Richard Avedon and the scurrilous ‘60s would seem to be an oxymoron. Like mixing Leonard Bernstein with the Fugs. Or Fred Astaire--who played Avedon in “Funny Face”--with The Living Theater, whose members sweat it out nakedly in Avedon’s latest book. The Fugs are there too, showing off their bellybuttons. When you meet Gloria and Juan Gonzales, field marshal and minister of defense of the Puerto Rican revolutionary group, the Young Lords, who exchange these vows at their wedding in 1970--”If I go forward, follow me. If I stand still, push me. If I go backward, kill me”--then you know you’ve stumbled on a period album of some moment.

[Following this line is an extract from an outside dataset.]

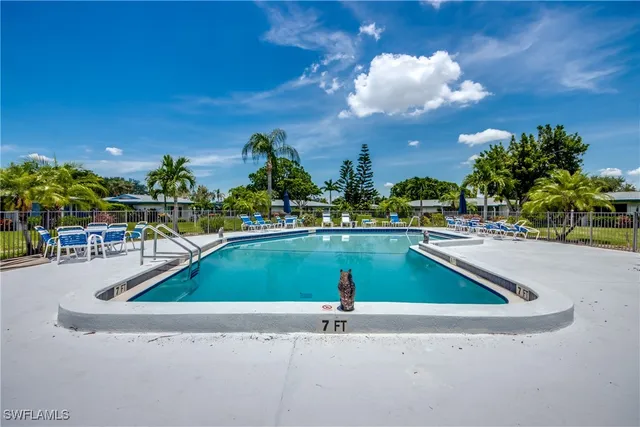 a view of swimming pool with outdoor seating and yard in back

I say stumble because, though one expects riveting images in an Avedon collection, such as those found in his “In the American West,” one doesn’t necessarily learn much about the circumstances that shaped the character of the faces revealed. On the contrary, the tension that animates an Avedon portrait is born of the intimacy of the interaction between the photographer and the subject, an interplay that brooks no outside intrusion upon the seamless white backdrop of a set. Only by stripping away all paraphernalia and incident is Avedon able to transcend the subject’s subjectivity, as it were, and reach for the timeless iconic aura that is the hallmark of his work.

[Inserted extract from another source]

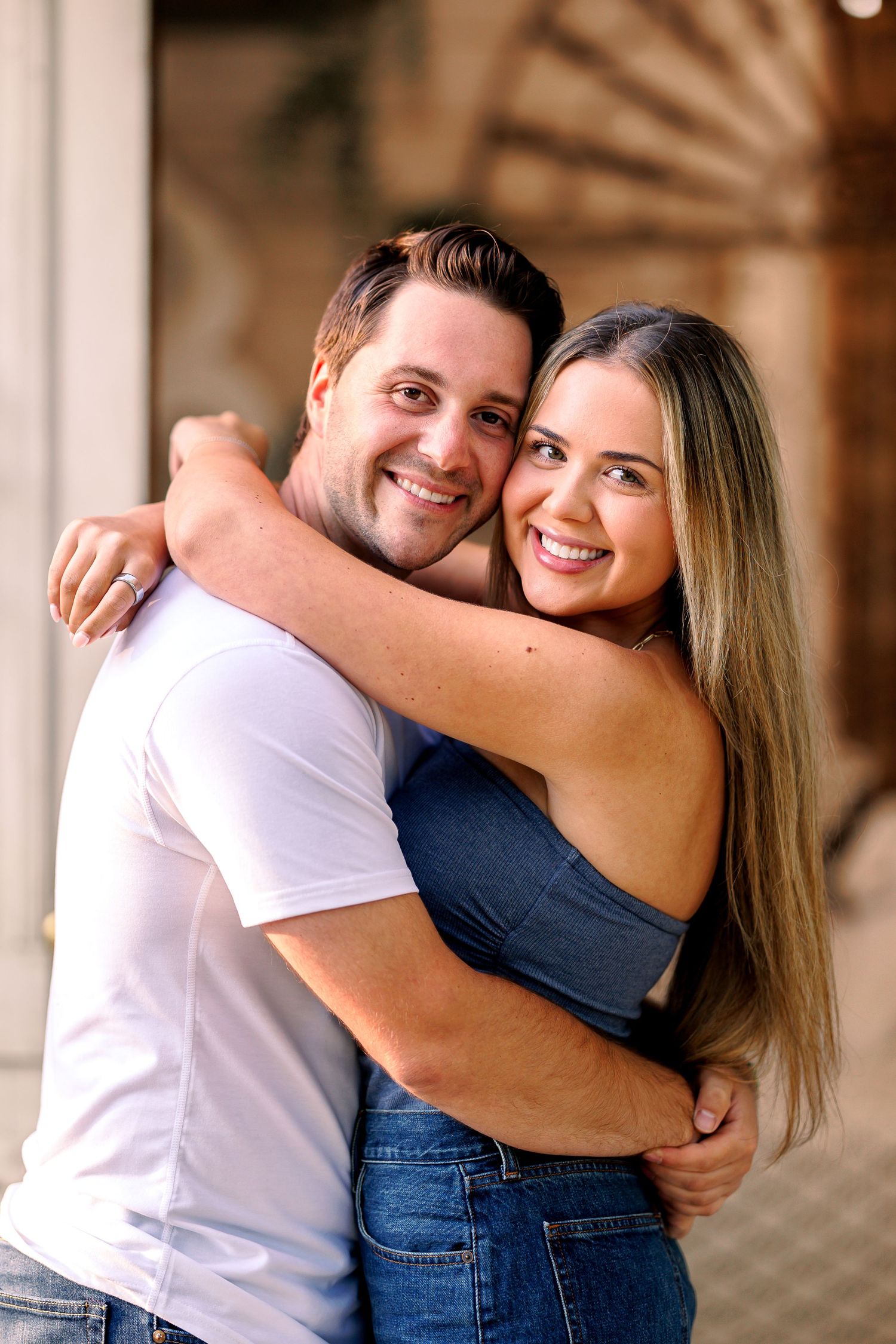 Casual couple sharing affectionate embrace against rustic backdrop.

For the most part, these rules apply to the portraits in “The Sixties,” and yet unlike other Avedon collections, which are suffused with a great silence, this crowd conveys in posture and expression the peculiar passions of its era. Standing in ones and twos against the tabula rasa of an empty stage, they speak their thousand words, but many of the portraits come attached with homely blocks of typescript in which the subjects speak for themselves. And this makes all the difference.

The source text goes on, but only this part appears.